Dominique Plihon  • 7 novembre 2013 abonné·es

La France est le théâtre d’une tragédie dont les actes se succèdent et se ressemblent dangereusement. Cette tragédie met en scène les victoires successives des lobbies. C’est-à-dire des groupes d’intérêts particuliers face à un gouvernement qui trahit ses engagements politiques. Acte 1 : le lobby bancaire obtient l’abandon par l’exécutif et les élus de ce qui devait être l’une des mesures phares destinées à domestiquer les banques : la séparation des activités de banque de détail et de banque d’investissement. La loi bancaire votée en juin 2013, qualifiée de « non-réforme » par l’ONG Finance Watch [^2], est la moins contraignante parmi les pays européens.

L’acte 2 du drame nous fait vivre les reculs successifs du pouvoir élu sur la fiscalité. Dans la première scène, le gouvernement fait machine arrière devant le mouvement des « pigeons » contre la réforme des plus-values mobilières. C’est ensuite une volte-face concernant la contribution sur l’excédent brut d’exploitation initialement prévue dans le projet de loi de finances, suivie d’un recul face au tollé des représentants des institutions financières, sur l’harmonisation des prélèvements sociaux des produits d’épargne au taux de 15,5 %. Les scènes suivantes nous enfoncent encore plus dans le drame du renoncement. Le gouvernement bat en retraite face à deux mesures fiscales emblématiques : l’écotaxe et la taxe sur les transactions financières (TTF). Elles symbolisaient deux orientations politiques stratégiques : d’une part, l’organisation des transitions énergétique et écologique ; d’autre part, la lutte contre la spéculation financière. La FNSEA et les chefs d’entreprise bretons ont instrumentalisé la taxe poids lourds, décidée en 2009 à la suite du Grenelle de l’environnement, et qui devait entrer en vigueur au 1er janvier 2014, en l’accusant d’être la cause des licenciements annoncés dans les grands groupes alimentaires. Le transport routier représente 99 % du trafic fret en Bretagne, ce qui en fait une des régions les plus polluées par les émissions de CO2. Cette politique des transports mobilise des moyens financiers importants pour l’entretien des routes, limite le report modal au détriment des modes alternatifs, comme le fer ou le maritime, aux dépens de l’environnement et de la sécurité routière. Au lieu d’avoir le courage politique de défendre l’impératif écologique, le gouvernement Ayrault cède face aux lobbies et suspend l’écotaxe, qui aurait constitué l’amorce d’une politique de transition écologique.
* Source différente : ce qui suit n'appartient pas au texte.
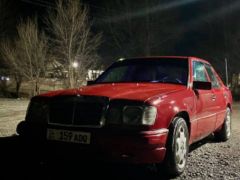 Фото авто Mercedes-Benz W124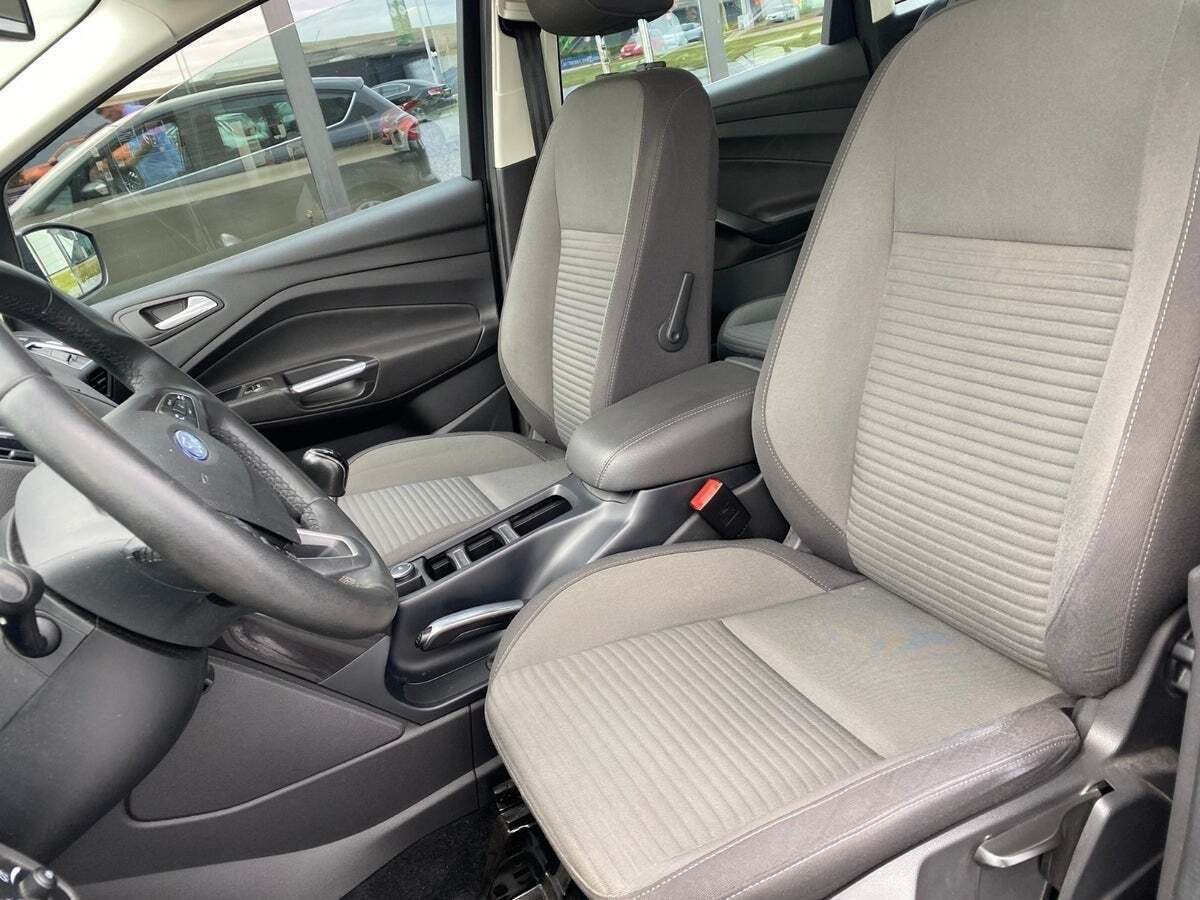 Grå Ford C-MAX fra 2017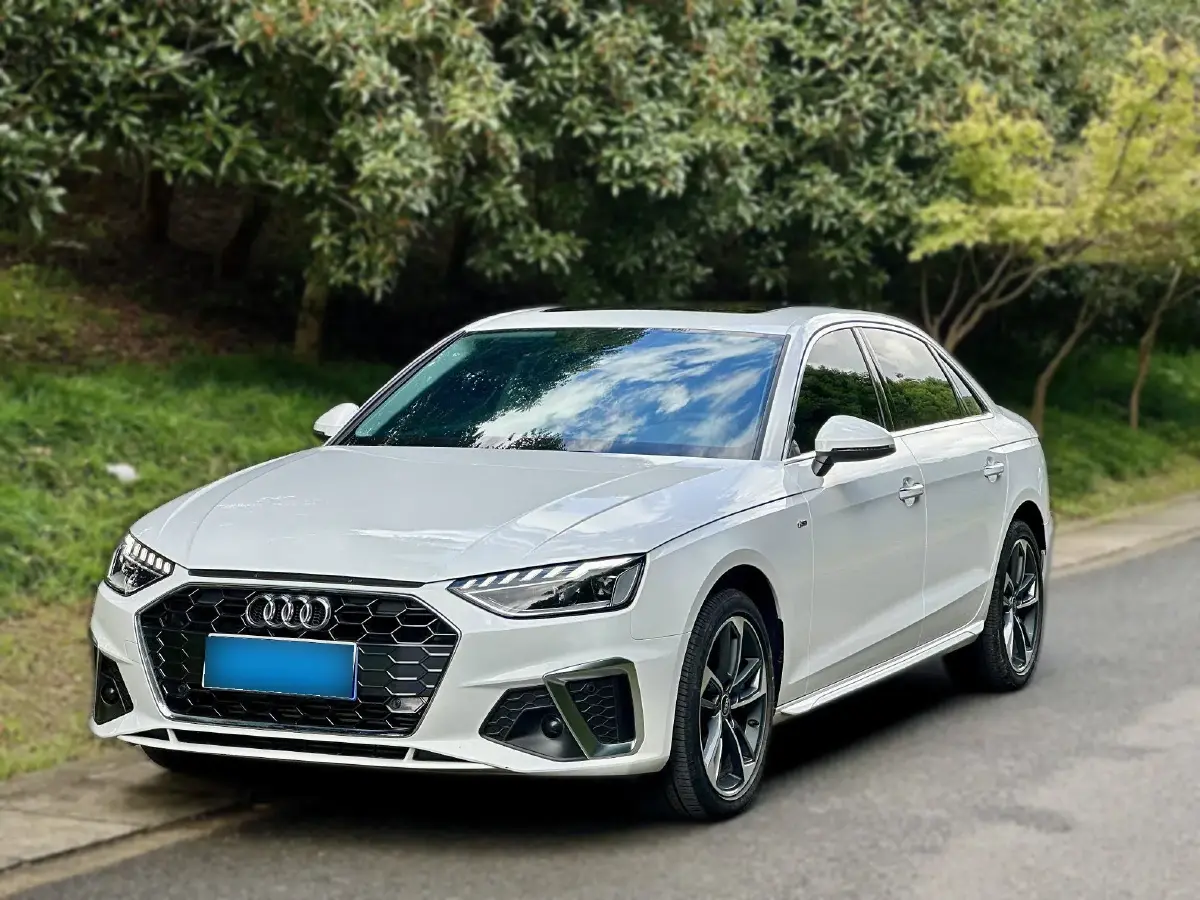 2022 Audi A4L 2.0T 190HP L4 7DCT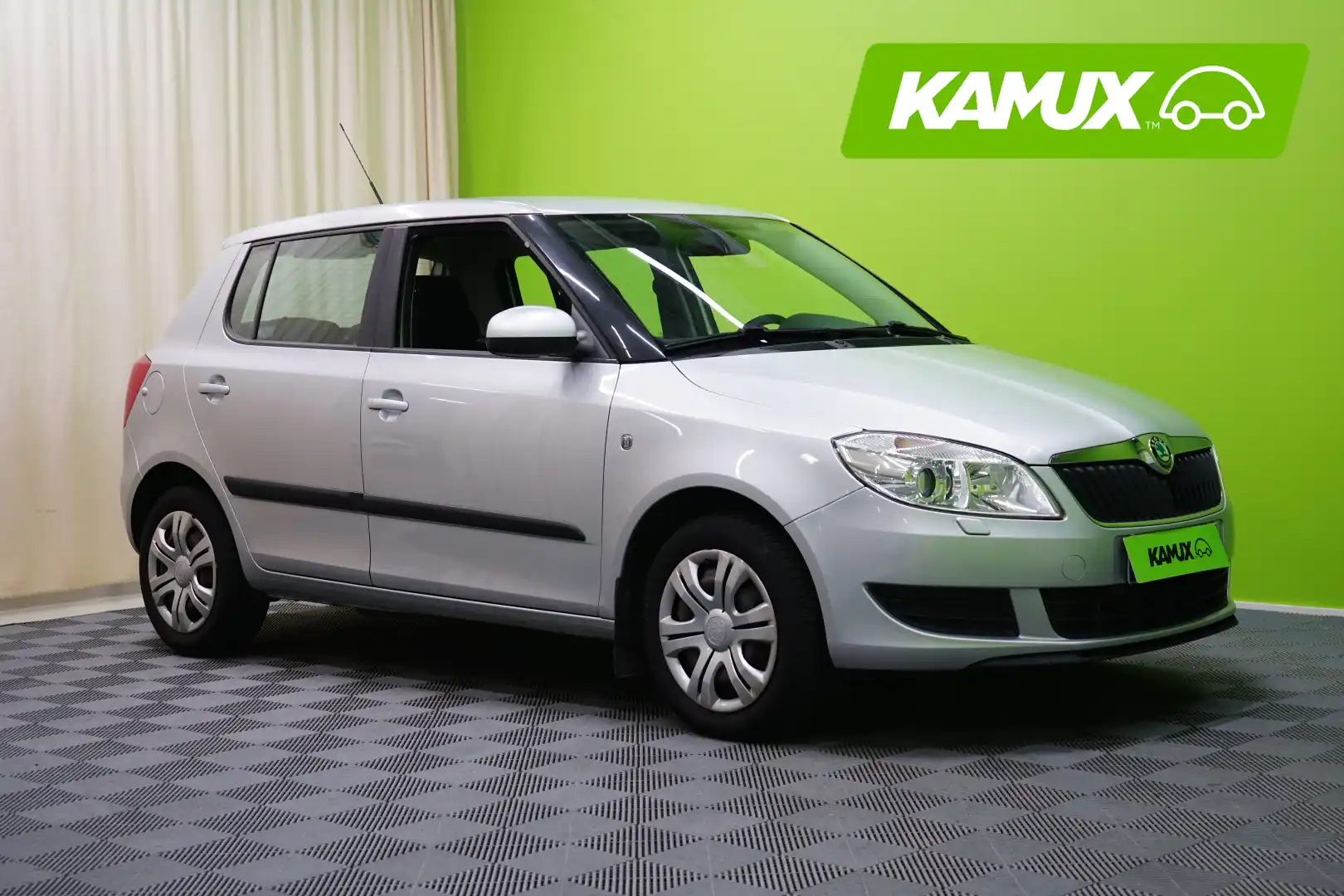car-image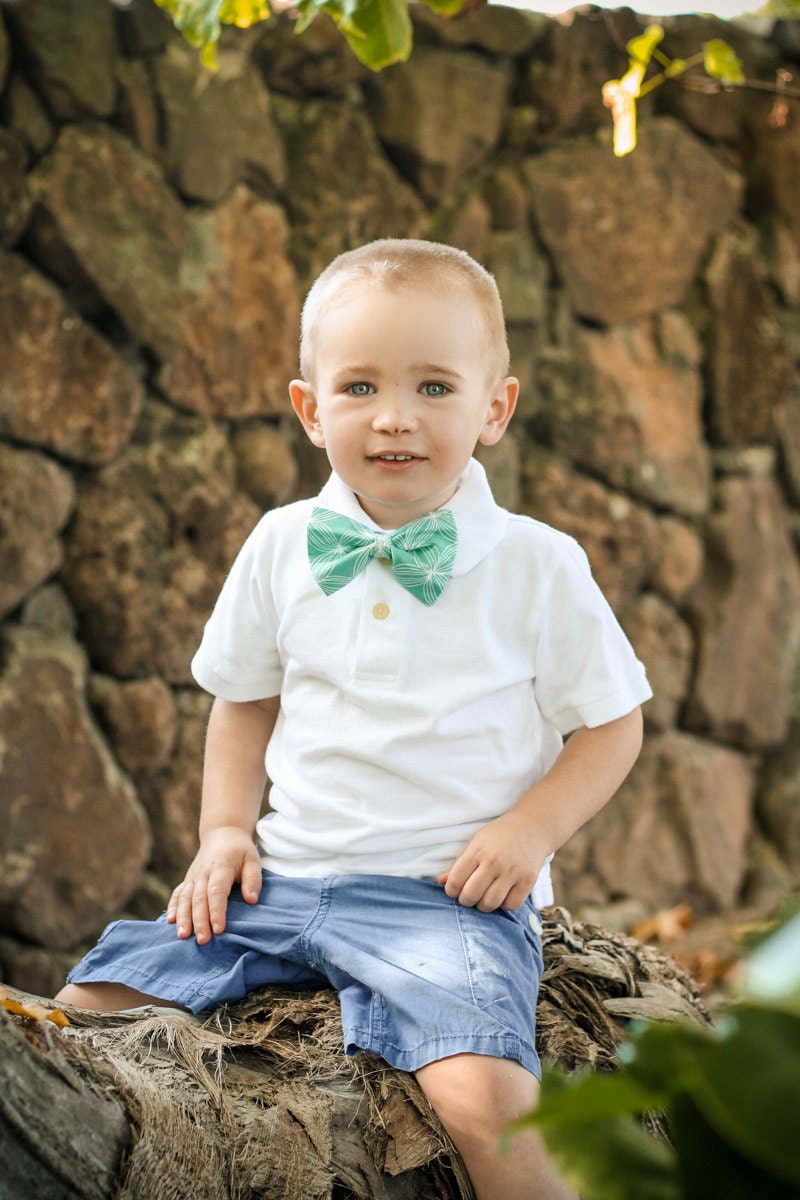 Boy BOW tie/  child size bow tie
Le scénario du recul face aux lobbies se répète pour la TTF. La Commission européenne, longtemps opposée à la taxe Tobin, a finalement proposé une directive sur la TTF. Onze pays membres de l’Union européenne – dont la France, l’Allemagne, l’Italie et l’Espagne – se sont portés volontaires pour appliquer cette directive dans le cadre d’une coopération renforcée. Or, en mai 2013, un an après son arrivée au pouvoir, le gouvernement socialiste trahit ses engagements en décidant de s’opposer à la directive européenne, jugée « excessive » par Pierre Moscovici. Récemment, Bercy a fait barrage à un amendement du rapporteur général du Budget, Christian Eckert, destiné à appliquer la TTF au trading à haute fréquence. Il est vrai que le lobby financier s’est livré à de violents assauts contre la TTF. Ainsi, Christian Noyer, le gouverneur de la Banque de France et allié des banques, a affirmé que le projet de la Commission était une erreur. Reprenant l’argument des financiers, Bernard Cazeneuve, ministre du Budget, met en garde : la TTF réduira la liquidité des marchés financiers. Or, ce résultat est exactement celui recherché par les défenseurs de cette taxe ! Il est en effet impératif de réduire la taille des marchés et de faire payer les spéculateurs. Le gouvernement français est devenu l’un des principaux opposants au projet européen de TTF, alors que la nouvelle coalition gouvernementale en Allemagne, entre la CSU et le SPD, a décidé de soutenir cette mesure. Tous ces épisodes pathétiques de trahison des engagements politiques conduisent à d’inquiétantes conclusions. Il n’y a plus de différence entre les politiques économiques de gauche et de droite. Ceux qui gouvernent aujourd’hui n’ont pas de véritable projet politique alternatif à opposer au pouvoir des lobbies patronaux. La collusion des élites au sein de l’oligarchie politico-financière engendre une dangereuse crise de la démocratie, et les prochaines échéances électorales, municipales et européennes, risquent d’en porter la trace.